MEDIA and YOUR MONEY
Oops, the cat is out of the bag – times 2
This last few days has been surprising as two closely guarded economic ‘secrets’
have been let out of the bag!
EU
This week the EU’s official statistics agency, Eurostat, reported that
the 17 member EU has had two negative quarters with a reduction of 0.1% and now
0.2% - meeting the standard definition of a (new) recession. However, as Barrie McKenna and Eric Reguly have
pointed out in the Globe and Mail business section, November 16, 2012, B1
“In euro zone, the return of recession bites like depression” , the Eurostat’s
current and preceding reports have been highly misleading. If Germany is pulled out of the 17 nation
calculations, Europe has been in recession for 5 quarters or 1 1/4 years!!!!
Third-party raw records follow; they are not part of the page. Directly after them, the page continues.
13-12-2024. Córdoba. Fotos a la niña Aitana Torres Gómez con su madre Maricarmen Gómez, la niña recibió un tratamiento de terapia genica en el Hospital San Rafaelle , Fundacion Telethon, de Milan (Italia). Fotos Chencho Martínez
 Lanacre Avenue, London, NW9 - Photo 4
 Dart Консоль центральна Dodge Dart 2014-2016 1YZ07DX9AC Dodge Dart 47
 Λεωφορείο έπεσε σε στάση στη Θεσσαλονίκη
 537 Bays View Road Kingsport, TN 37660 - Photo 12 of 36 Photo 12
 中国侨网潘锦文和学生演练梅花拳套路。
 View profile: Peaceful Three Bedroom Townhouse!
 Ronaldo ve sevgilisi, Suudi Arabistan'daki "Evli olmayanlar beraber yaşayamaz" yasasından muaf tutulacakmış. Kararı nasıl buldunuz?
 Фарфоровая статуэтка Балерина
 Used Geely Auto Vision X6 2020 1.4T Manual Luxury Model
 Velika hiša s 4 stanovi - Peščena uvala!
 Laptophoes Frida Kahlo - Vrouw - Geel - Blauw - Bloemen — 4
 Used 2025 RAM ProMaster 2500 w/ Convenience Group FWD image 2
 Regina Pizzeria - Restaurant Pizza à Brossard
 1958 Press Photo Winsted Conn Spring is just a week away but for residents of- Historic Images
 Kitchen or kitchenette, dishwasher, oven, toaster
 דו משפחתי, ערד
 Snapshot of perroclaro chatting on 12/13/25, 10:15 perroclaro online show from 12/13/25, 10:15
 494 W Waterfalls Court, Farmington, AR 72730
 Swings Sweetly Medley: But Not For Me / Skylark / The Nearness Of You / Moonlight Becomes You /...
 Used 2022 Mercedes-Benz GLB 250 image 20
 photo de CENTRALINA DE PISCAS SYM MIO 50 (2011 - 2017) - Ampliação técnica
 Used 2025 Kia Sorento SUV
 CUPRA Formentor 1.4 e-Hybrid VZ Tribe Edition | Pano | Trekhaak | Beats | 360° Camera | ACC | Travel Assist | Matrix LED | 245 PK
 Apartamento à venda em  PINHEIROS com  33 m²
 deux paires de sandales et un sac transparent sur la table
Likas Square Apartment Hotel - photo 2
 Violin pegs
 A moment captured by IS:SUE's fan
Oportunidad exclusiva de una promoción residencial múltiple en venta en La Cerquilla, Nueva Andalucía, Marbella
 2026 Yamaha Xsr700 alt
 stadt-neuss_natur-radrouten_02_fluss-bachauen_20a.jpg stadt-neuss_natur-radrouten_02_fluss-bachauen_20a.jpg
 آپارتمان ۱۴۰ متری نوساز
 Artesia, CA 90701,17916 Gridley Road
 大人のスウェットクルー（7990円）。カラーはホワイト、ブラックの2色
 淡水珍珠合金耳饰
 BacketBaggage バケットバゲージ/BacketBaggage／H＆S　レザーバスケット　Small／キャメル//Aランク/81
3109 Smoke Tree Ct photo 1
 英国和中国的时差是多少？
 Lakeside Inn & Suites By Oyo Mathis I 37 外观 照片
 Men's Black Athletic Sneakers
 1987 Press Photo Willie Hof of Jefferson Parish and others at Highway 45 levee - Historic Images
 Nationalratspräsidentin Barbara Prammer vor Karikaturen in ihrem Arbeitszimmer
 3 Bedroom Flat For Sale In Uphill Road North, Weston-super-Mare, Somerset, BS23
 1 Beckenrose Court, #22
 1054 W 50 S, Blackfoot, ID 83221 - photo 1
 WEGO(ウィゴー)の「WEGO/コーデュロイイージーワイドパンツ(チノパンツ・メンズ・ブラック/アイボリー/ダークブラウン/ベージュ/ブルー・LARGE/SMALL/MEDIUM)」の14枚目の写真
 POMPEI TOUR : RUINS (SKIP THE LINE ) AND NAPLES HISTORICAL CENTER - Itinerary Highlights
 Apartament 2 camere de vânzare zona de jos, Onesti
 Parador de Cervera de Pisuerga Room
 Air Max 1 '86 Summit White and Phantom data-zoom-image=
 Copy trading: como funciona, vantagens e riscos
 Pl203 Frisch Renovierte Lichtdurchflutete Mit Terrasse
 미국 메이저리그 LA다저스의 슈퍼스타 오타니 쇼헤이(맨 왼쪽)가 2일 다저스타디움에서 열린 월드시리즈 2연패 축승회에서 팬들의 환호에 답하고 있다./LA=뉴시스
This last FACT has been hidden by the EU and North American media and
business reporting until now. We have
heard and seen news on government austerity, higher unemployment among
government staff and protests in the streets, but the steady and ongoing
decline in the overall economy , the recession/depression element, has
been well covered up for over a year!!!!
China
Communist
states, be they the Soviet Union, North Korea, Cuba or China, lie about their
economic growth and success all the time, and as they have absolute media
control they get away with it far more than western governments do.
Communist
targets for improved production have been exaggerated from Lenin’s first 5 year plan onward as the
Party, to stay in power, must continually promise ‘good news’
to its people; and to
proclaim communism’s superiority to the outside world.
Consequently, I have never
trusted China’s official government data even after China embraced a mixed
economy with strong capitalist elements.
That is why two recent media items are so important. Gordon Chang of Forbes.com, while
interviewed last week on TVO’s the Agenda regarding China’s changing-of-the-guard
leadership convention, mentioned in passing that the recently announced Chinese
economic growth of 7% is really 1% or less- based on
electricity use data he has access to.
The same picture of a struggling Chinese economy on the verge of
recession was also presented in a CBC National news report of November
14, 2012. The segment by Adrienne
Arsenault entitled “China’s Chill” is available at CBCnews.ca. While the
first half focuses on the centrally planned, ghost city of Ordos in Inner
Mongolia, which at least 4 year years after its construction is still devoid of
people, let alone the planned 1,000,000 residents (See Google, Ordos ghost
city for reports and YouTube videos), the second half is a tour of the Beijing
industrial zone with an economist. He shows Ms. Arsenault how he tracks China’s
real growth: by looking at the supply of coal in storage and its local selling
price, and the amount and condition of steel pipes and beams at a local factory. In both cases, the news is bad: the price of coal has dropped (due to less
demand) and manufactured pipes and beams sit untouched and turning to
rust.
So, those in the know, who do not rely on self-serving
Chinese government numbers and who look to independent sources for
economic evidence – such as electricity use, coal costs and factory
surplus goods, find China is close to or already in negative growth – i.e., recession.
China depends
on world demand - Europe and North
America in particular – to buy most of its factory output, and it is in trouble
as the western world cannot afford to buy as of old.
And Canada,
which has been relying more and more on China to buy its raw resources – from lumber
to coal to copper to oil – should also take note and expect Chinese purchases
to drop. According to Ms. Arsenault, it
could mean a whopping hit to Canada’s resource based economy!